International Boxing Organization believe that 23-year-old Greenberg may be heavyweight champ by end of 2007.

roman greenberg 298.88 (photo credit: Blake-Ezra Cole)
roman greenberg 298.88
(photo credit: Blake-Ezra Cole)
Roman Greenberg visited home and showed off the first heavyweight boxing title belt ever won by an Israeli on Monday afternoon in Tel Aviv.

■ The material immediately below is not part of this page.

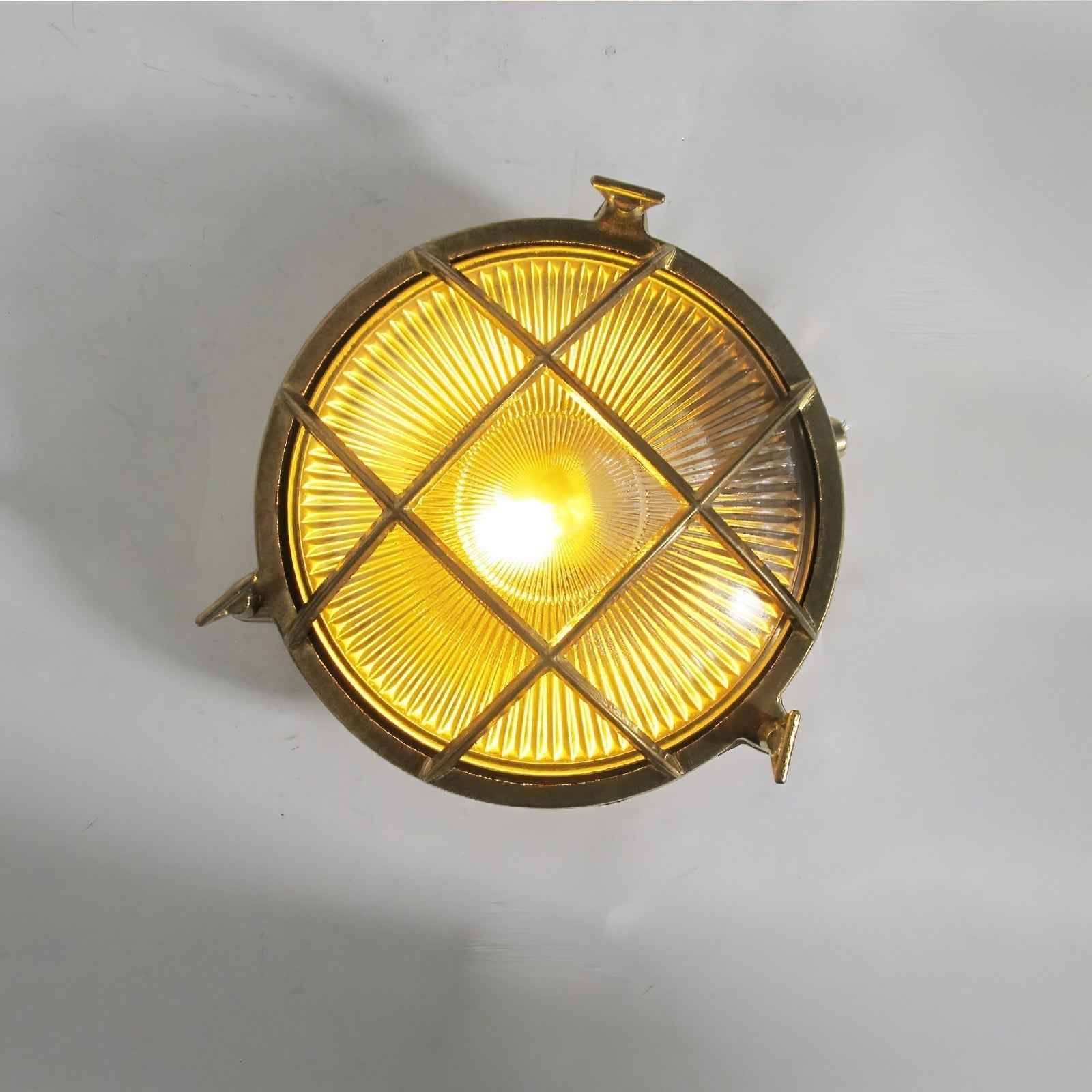 Lampe Erthearis en Laiton – Design Contemporain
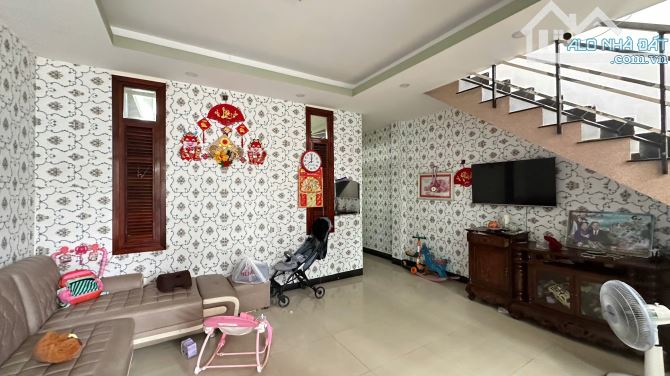 NHÀ 2 TẦNG HẺM Ô TÔ NGUYỄN KHUYẾN NGAY SAU CHỢ VĨNH HẢI CHỈ 4.2 TỶ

The newly crowned International Boxing Organization Intercontinental Heavyweight champ and his long-time promoter, Robert Waterman of Fight Academy, hosted the Israeli media to talk about the 23-year-old's future plans, which they believe will see him crowned as the world heavyweight champ by the end of 2007, and "maybe even this year." Waterman was full of superlatives about the undefeated Israeli, claiming he could be the world's "first billion-dollar boxer" and the "most important Jewish sportsman since Mark Spitz or maybe even [18th century boxing champ] Daniel Mendoza." Waterman is in constant negotiations for Greenberg's next fight, which could be a big one. Among the main options are taking on Italian Paolo Vidoz for the European title or squaring off against American contender Shannon Briggs. Another option is challenging the winner of the upcoming IBO World Heavyweight Championship bout between Chris Byrd and Wladimir Klitschko. According to Waterman, as the IBO's Intercontinental champ, Greenberg is eligible for a shot at the Byrd-Klitschko winner. "The only fighter that can beat Roman Greenberg is Roman Greenberg," Waterman said. "Roman can make [former world champ] Lennox Lewis look small." Greenberg (22-0, 15 KOs), who scored a sixth-round technical knockout over Russian Alex Vassilev in Monte Carlo last month to win the belt, is also eager to take on the big boys. "I've been training as a professional for four or five years. I'm 100 percent ready," he said. "I want to show the world that Jews can fight." The pair were naturally asked about fighting in Israel, but Waterman didn't sound optimistic. "We'd love to," he said, "but we need more support."